# funny acting circuits?



## lartomar2002 (Mar 5, 2008)

something strange is happing. last night i tried to run the dishwasher suddenly thee was a small pop and the dishwasher stopped working. i checked the breakers and none were tripped or felt hot. i decided to wait till this morning to try and trouble shoot, in the mean time i was running the microwave and toaster and suddenly the dishwasher started. after the microwave and toaster stopped the dishwasher continued for a while and stopped. i started the microwave and toaster again and the dishwasher started but continued to finish after the microwave and toaster stopped. i forgot to mention that the exhaust fan lights above the stove also went out and back on whith the same scenerior as the dishwasher. i tried the scennerio this morning. starting the dishwasher (no pop this time)it did not start at all. after starting the toaster and microwave the dishwasher ran for a short time and then quit and did not star again. i check all breakers after each of this occassions and found nothing wrong. any advice?


----------



## Rincon (Mar 5, 2008)

I am by no means an electrician, but this might be something to test thats quick and not complicated.  Sounds like a short somewhere, and could be with one of the outlets that are tied together on the same circuit.  I would test all the plugs known to be on the same circuit.  I have a simple tester that plugs in to the outlet that lights up and tells me if it is wired correctly or not.  If it shows a bad circuit you will at least know somethign is not wired right or maybe give you an idea of where the problem is on the circuit.
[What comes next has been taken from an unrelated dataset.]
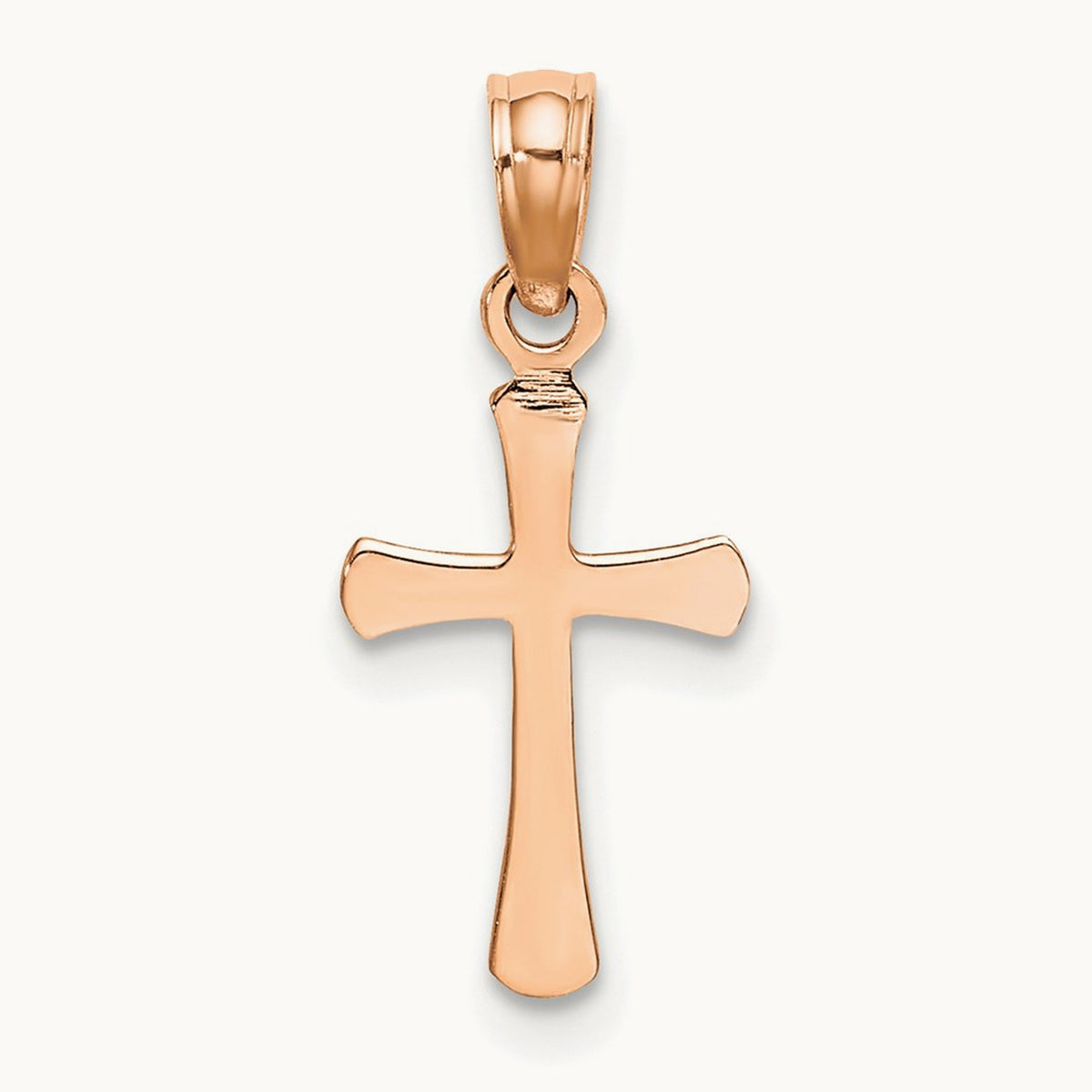 Polished Beveled Cross w/ Round Tips Charm — 14K Rose Gold, 17.8mm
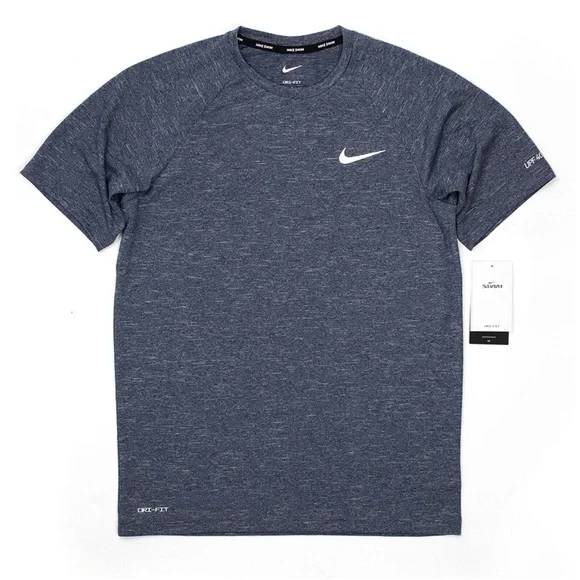 Nike Swim Men’s M dri-fit Short-Sleeve Hydroguard T-Shirt Navy heather NEW NWT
One of the more experienced knowledgeable electricians on the forum will have a more concrete answer but this is something you might try until someone else replies.  I just noticed you were logged in so thought I would offer my two cents worth.
Good Luck!


----------



## lartomar2002 (Mar 5, 2008)

thanks. i noticed your reply went to my bulk mailer how can i change this so that all replys from this forum goes to my inbox


----------



## triple D (Mar 5, 2008)

Turn off the power to the microwave plug. Then pull plug out of wall and see what wires on back of it look like. Be careful here there is a small chance there is still power on other wires in the back of the box. If you find any scorching, crispy or loose connections, look closely at how the wires hook up and make a note. Then cut them off the plug and re-strip them and wrap them around screws of a new plug. Let us know what you find. Good luck.....


----------



## Parrothead (Mar 7, 2008)

You have a loose connection somewhere in the circuit, and the vibrations of the dishwasher and the microwave, etc are causing it to make intermittent contact, thus the appliances are going on and off as if there was a ghost in the house. The loose connection could be a wirenut coming loose, or perhaps a bad receptacle like Triple D said. When you look at the back of the receptacle, check if it is wired around the screw or if the wire is just stuck into the back of the receptacle (back-stabbed). If you replace it, wrap the wires around the screw like Triple D said, DO NOT back-stab it. If that doesn't do the trick, you're going to have to keep checking outlet boxes until you find the loose connection. Let us know how it goes.

BTW, turn the power to the circuit off first............


----------



## lartomar2002 (Mar 11, 2008)

thanks to you and parrothead, it was a loose connection


----------



## lartomar2002 (Mar 11, 2008)

thanks to you and triple d it was a loose connection


----------